Susan Hill, The Mist in the Mirror
Lots of people rave about Susan Hill's ghost stories. I've always found them a little unsatisfying. There were a few spooky moments in this one I suppose.
Jenny Valentine, Broken Soup
This is YA fiction and got very good reviews. I saw a copy for a quid in a remainder sale so I bought it. It's quite well written, but reading it reminded me of the tremendous rubbish we were all supposed to enjoy as teenagers, in which people have, you know, feelings, and social problems. It was supposed to speak to us in some way, and I'm quite certain it was well meant.
Eça de Queiroz, The City and the Mountains
Very good. About a man who lives in Paris, surrounded by the best in early twentieth-century gadgets (electric lighting, and the théâtrophone, etc). He undertakes a journey to his ancestral estates in Portugal, but it goes disastrously wrong and he loses all his luggage. Quite a funny and amiable book, more comfortable than much of the work of Eça de Queiroz.
Molly Keane, Good Behaviour
This is quite good. The point is that their behaviour is at once very well-mannered, and absolutely atrocious. The main character is a bit of a monster and blithely unaware of what is going on around her, and has been very nastily treated by her family.

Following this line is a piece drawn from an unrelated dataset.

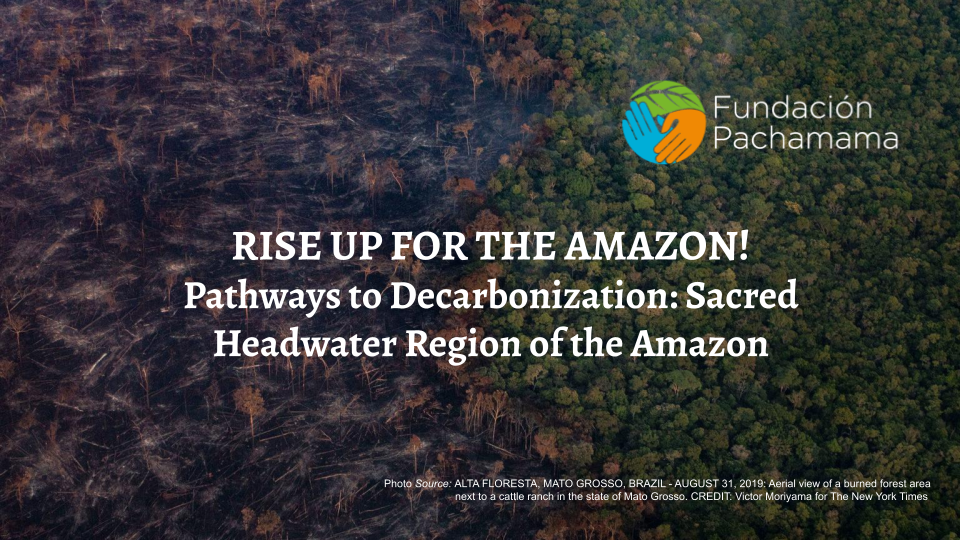 Rise up for the Amazon!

Erick Setiawan, Bees and Mist
This sounded to me like just the sort of thing that would annoy me. But I read a few reviews which said, essentially, not as annoying as you'd think, and they were right, it's only a bit annoying. It's about two families, and a girl who marries from one into the other. The first family is haunted by several different-coloured mists, while the second family's mother has at her disposal a swarm of maddening and persuasive bees. You could go so far as to see these bees, these mists, as some sort of metaphor. Anyway, on the plus side it's readable and at least a bit unusual. On the minus side there's all the mists and bees, plus the mother-in-law is a pretty 2-D villainess, and the characters all have names like Meridia and Gabriel. Buy it if you see it on a market stall for two quid, but not from Oxfam, who will probably want £3.95. That's my advice anyway.